Wie demokratisch war die Frankfurter Nationalversammlung?

Wenn wir heute an die Errungenschaften der Revolution von 1848/49 zurückdenken, gehört die Eröffnung der Frankfurter Nationalversammlung am 18. Mai 1848 zweifellos dazu. Die Frankfurter Nationalversammlung – auch als Paulskirchenparlament bekannt – war das erste auf Wahlen beruhende gesamtdeutsche Parlament. In ihm saßen 585 Abgeordnete, die zwei wichtige Aufgaben hatten: Zum einen die Ausarbeitung einer Verfassung, zum anderen die Festlegung der Grundrechte der deutschen Bevölkerung.
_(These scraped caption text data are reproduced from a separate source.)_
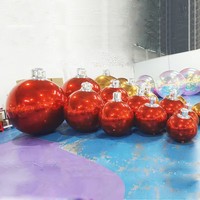 Boule miroir de Noël gonflable personnalisée, colorée, en PVC, imperméable, décorations de fête
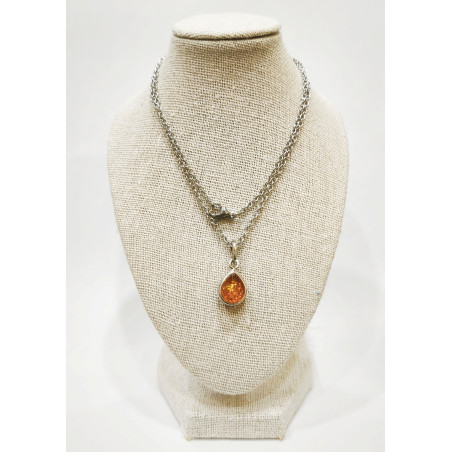 Pendentif Ambre Baltique 1.5 cm  Argent 925 avec Chaîne Acier 45 cm
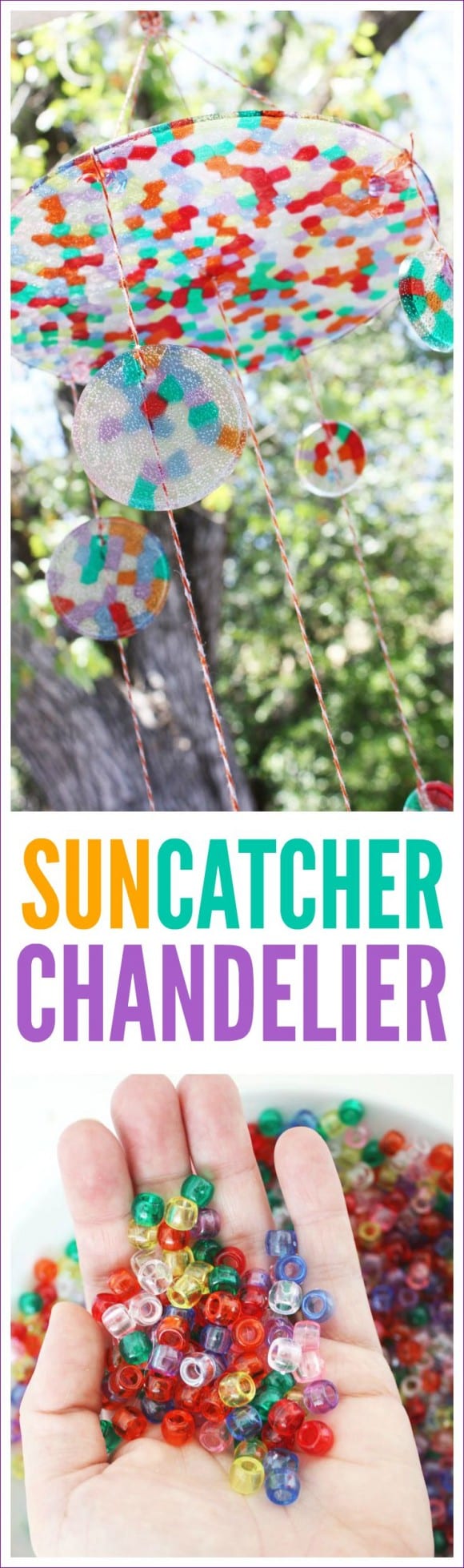 Suncatcher chandelier DIY | CatchMyParty.com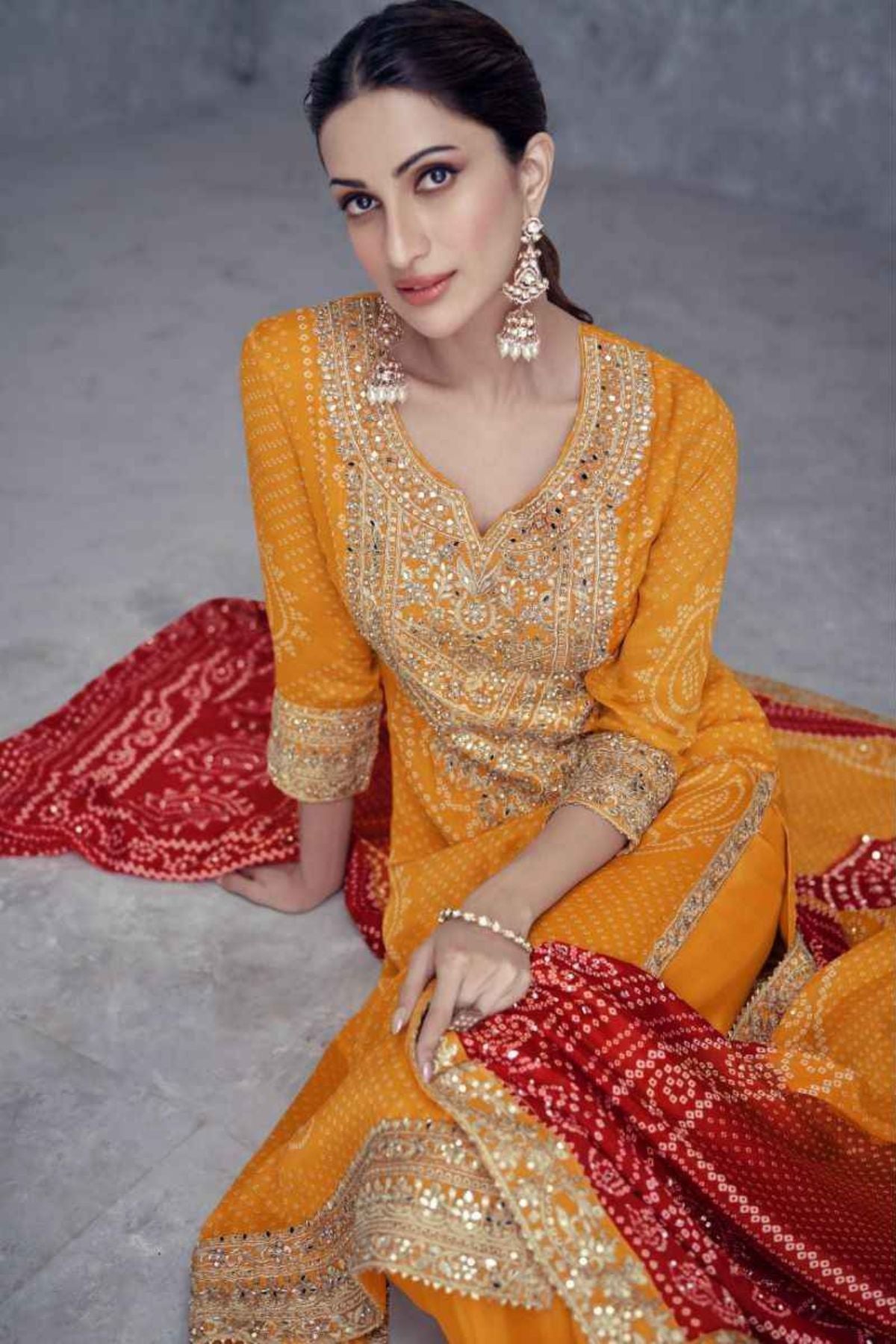 Chinon Bandhani Yellow Kurta Set With Dupatta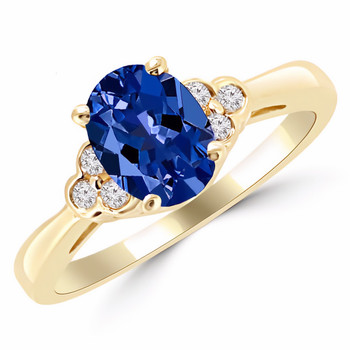 1.24ct Oval Tanzanite & Diamond Engagement Bridal Ring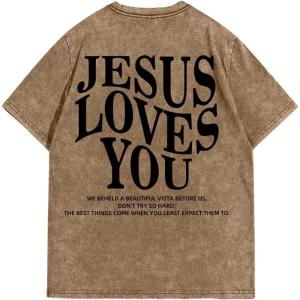 imageMens Graphic Letter Print Vintage Tees Baggy Drop Shoulder Crew Neck Short Sleeve Streetwear T ShirtsKhaki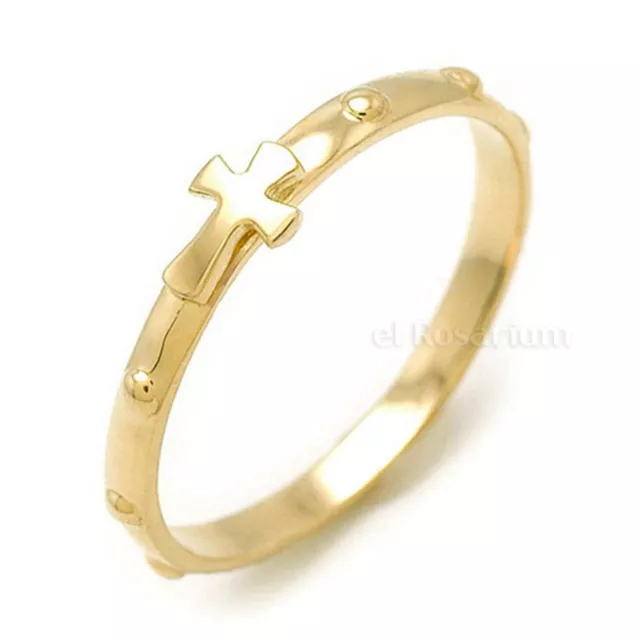 Rosary Ring PR75-15 10K Real Solid Gold Catholic Christian Ring (US 4 ~ 11)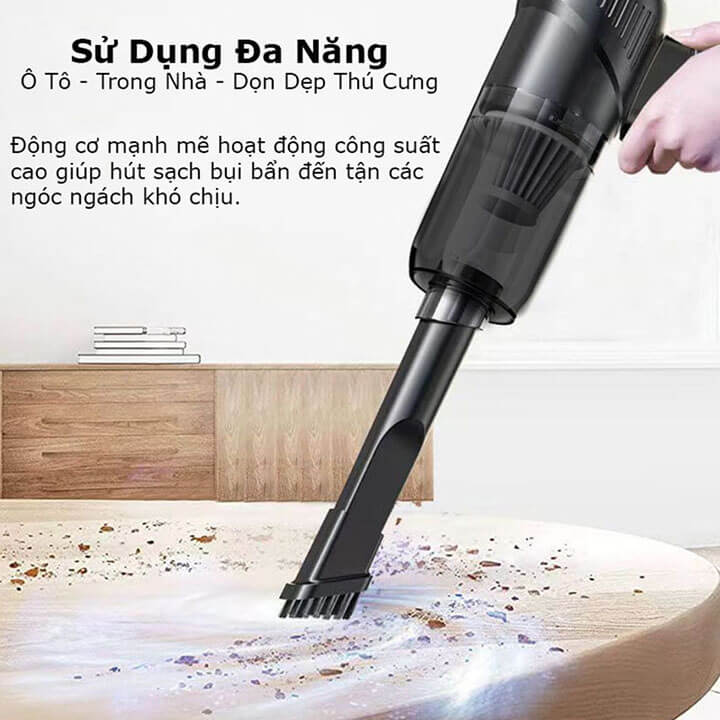 Máy hút bụi cầm tay mini không dây đa năng Vacuum Cleaner, máy hút bụi ô tô, giường nệm, máy hút lông chó mèo 120W 9000Pa LT-008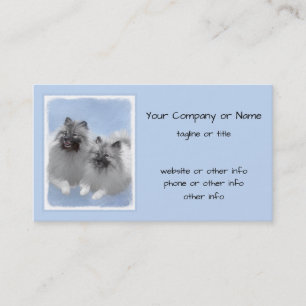 Keeshond Pair of Kees Painting Original Animal Art Business Card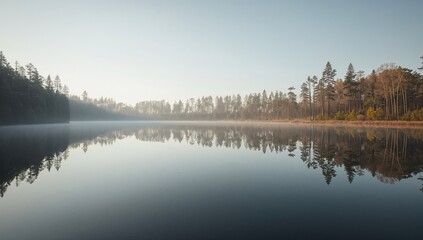 Calm Lake Reflection Landscape, Peaceful Nature Scene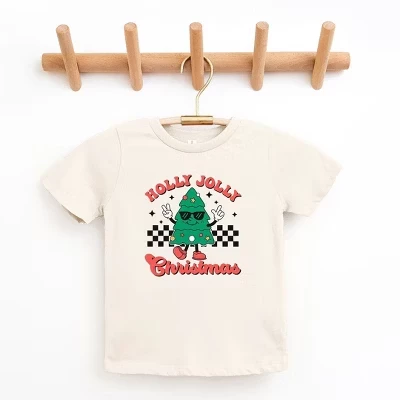 Молодежная футболка с коротким рукавом Holly Jolly Christmas Tree кремового цвета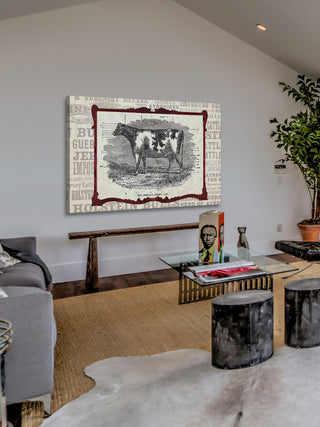 "Cow Framed" Painting Print on Canvas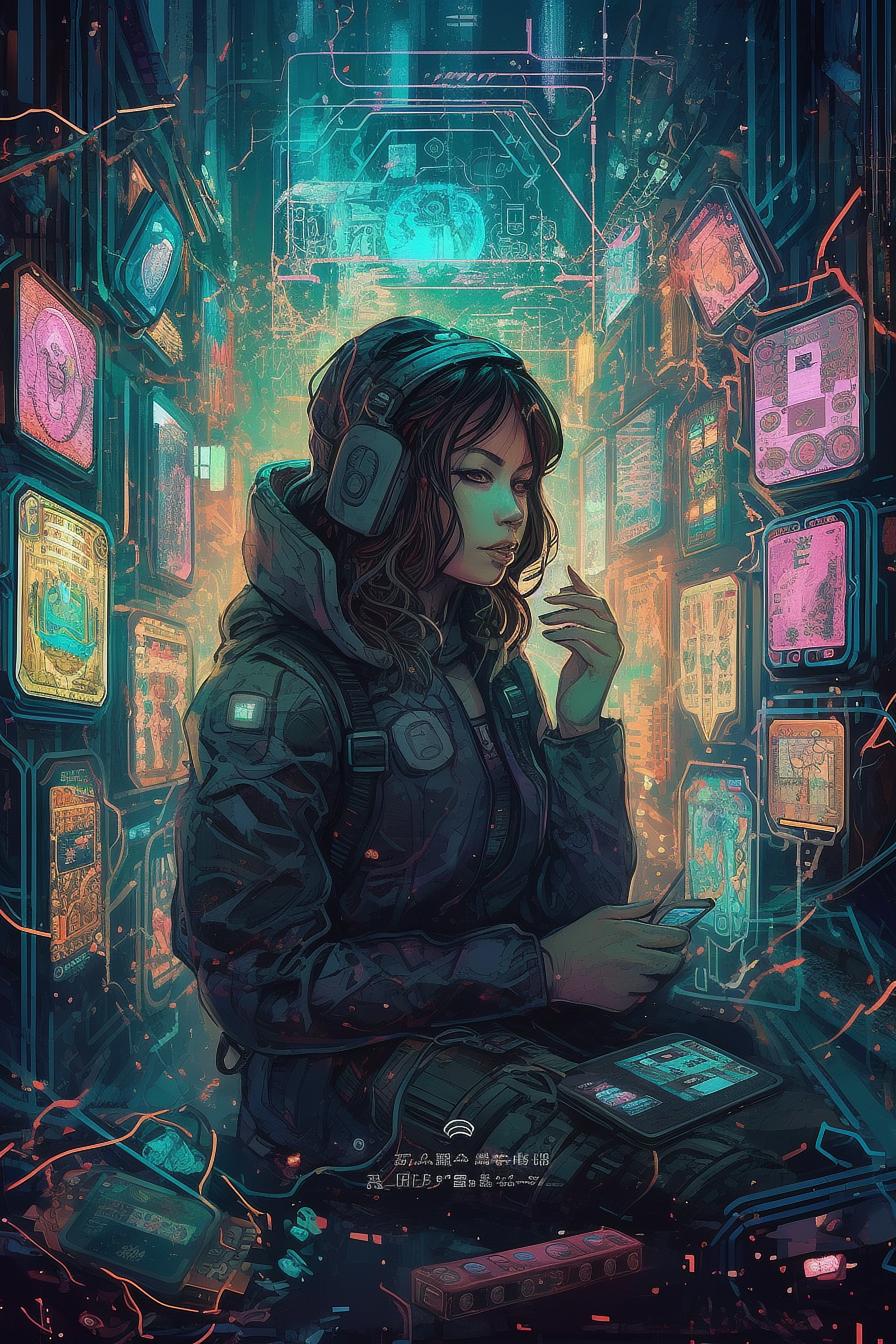 a woman sitting in a room with many colorful lights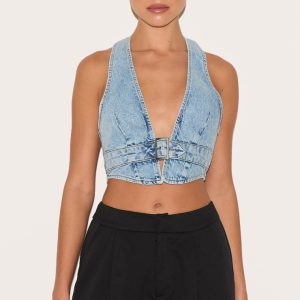 Light Blue Wash Buckle Front Denim Halterneck Top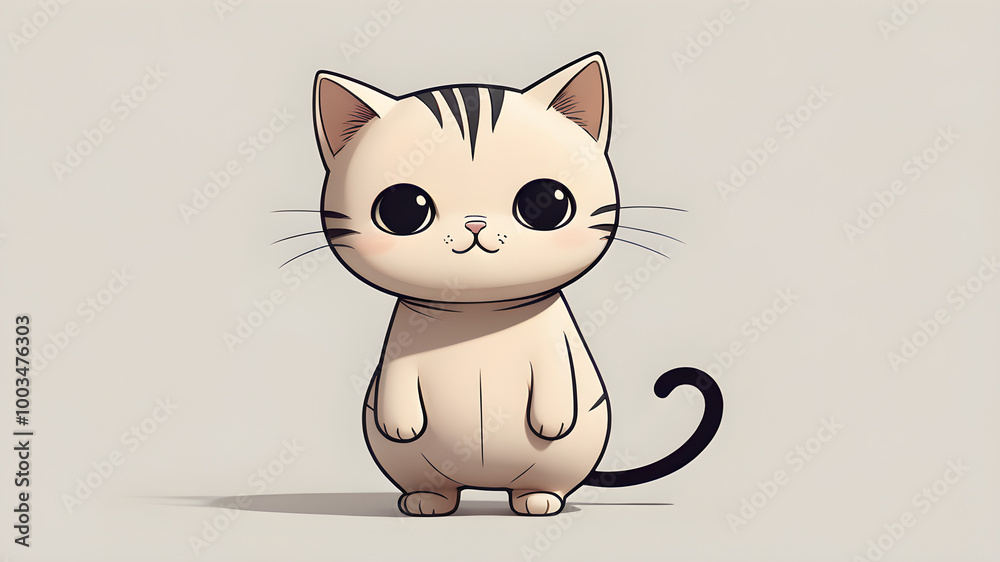 Fototapeta premium Cute Cartoon Cat Character Illustration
Ein Überblicksvideo der Geschichte und Leistungen des Parlaments findet ihr hier:

Nationalversammlung in der Paulskirche I musstewissen Geschichte

Wir wollen uns heute aber besonders mit einer Frage beschäftigen: Wie demokratisch war die Nationalversammlung?

Ein Parlament aus Professoren?

Oft beklagten Historiker:innen, dass untere Bevölkerungsschichten im Parlament kaum vertreten waren. Unter 585 Abgeordneten fanden sich gerade einmal vier Handwerker. Der oft verwendete Begriff „Professorenparlament“ trifft dennoch nicht zu: Lediglich 12 Prozent der Abgeordneten waren tatsächlich Professoren. Korrekter wäre es, von einem „Akademikerparlament“ zu sprechen: Immerhin fast 82 Prozent.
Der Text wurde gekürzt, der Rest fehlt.